> **WHAT TO PRODUCE**
Write out, without any change, the lines in the material below that run from the line with "PRESTIGE Prestige Losse Vork Fo636140" through the line with "Read Angelic Lady Manga Online", both included.

> **SOURCE INFORMATION**
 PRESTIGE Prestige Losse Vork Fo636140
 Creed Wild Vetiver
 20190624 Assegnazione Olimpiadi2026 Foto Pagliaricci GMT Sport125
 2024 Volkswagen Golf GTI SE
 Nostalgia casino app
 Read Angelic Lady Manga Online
==
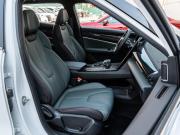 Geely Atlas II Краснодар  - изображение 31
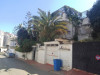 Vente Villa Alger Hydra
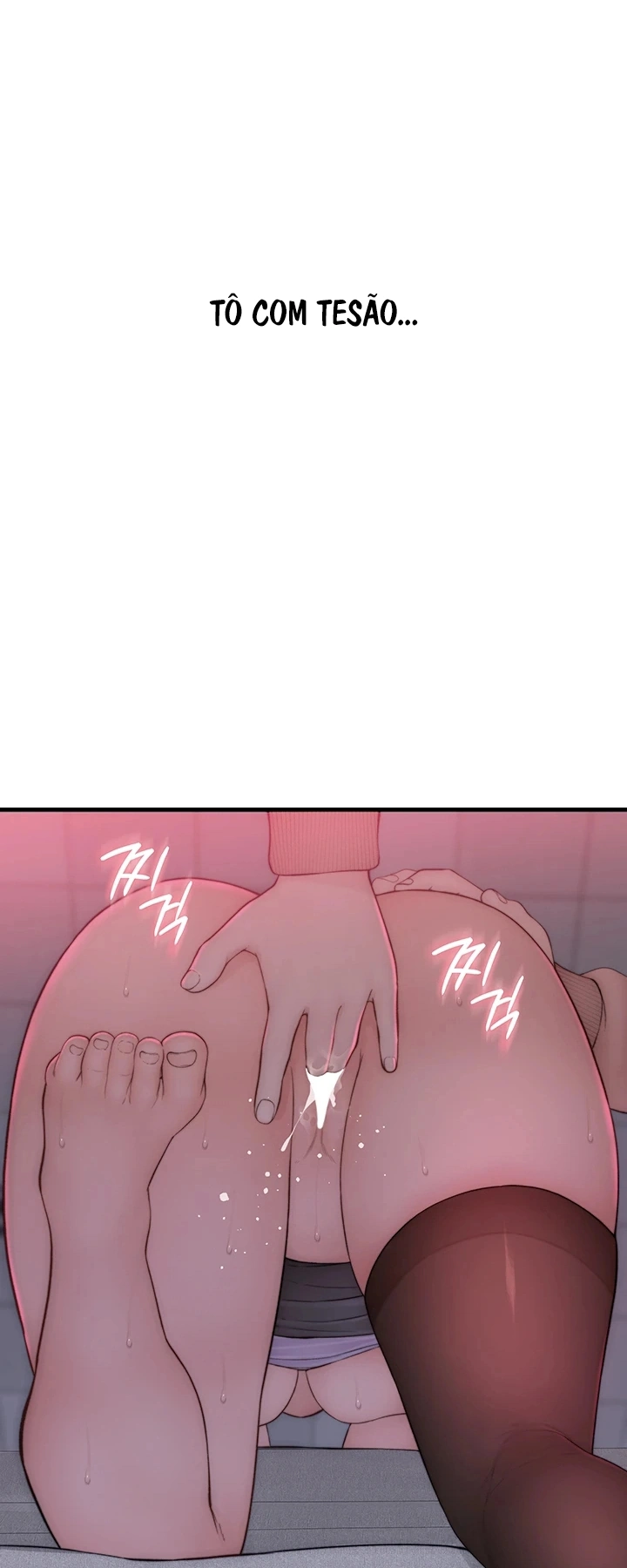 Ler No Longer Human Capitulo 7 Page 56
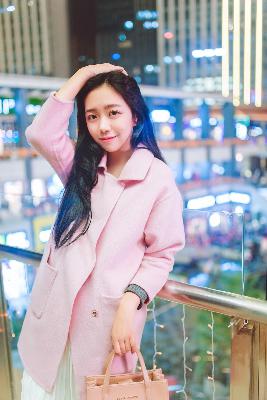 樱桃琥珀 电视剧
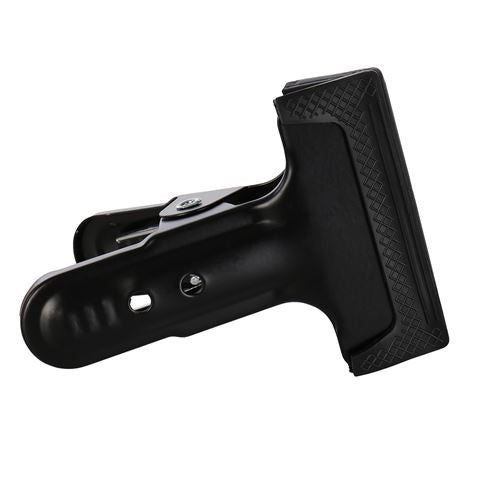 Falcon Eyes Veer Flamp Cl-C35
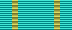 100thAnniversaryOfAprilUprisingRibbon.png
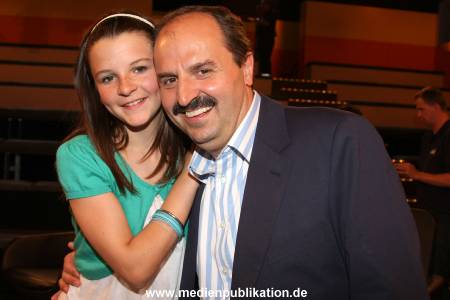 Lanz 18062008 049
==
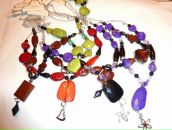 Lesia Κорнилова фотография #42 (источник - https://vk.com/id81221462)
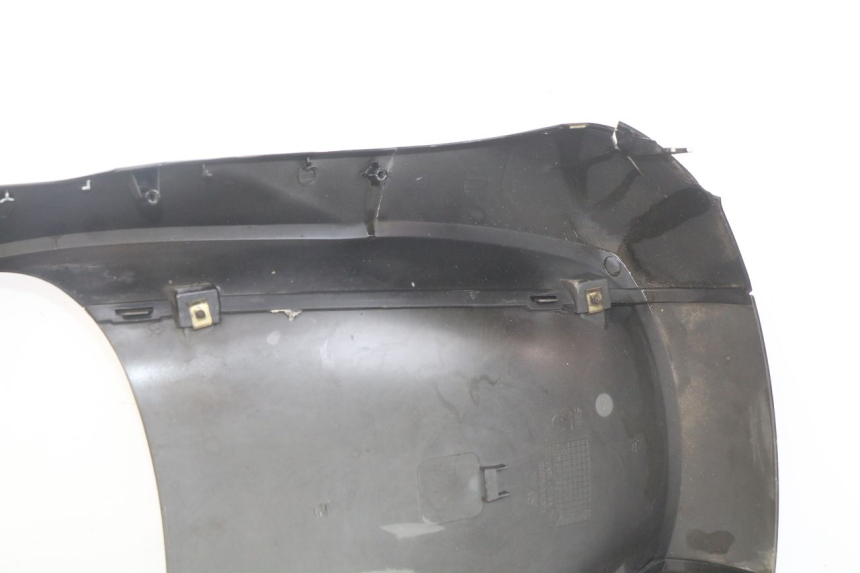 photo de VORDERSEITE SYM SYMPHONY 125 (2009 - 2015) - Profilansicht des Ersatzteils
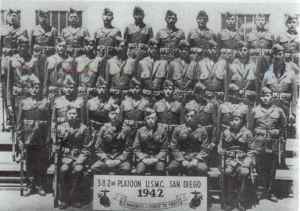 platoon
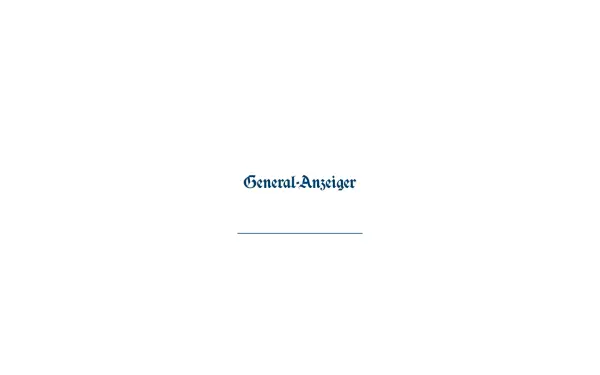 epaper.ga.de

> **SOLUTION**
 PRESTIGE Prestige Losse Vork Fo636140
 Creed Wild Vetiver
 20190624 Assegnazione Olimpiadi2026 Foto Pagliaricci GMT Sport125
 2024 Volkswagen Golf GTI SE
 Nostalgia casino app
 Read Angelic Lady Manga Online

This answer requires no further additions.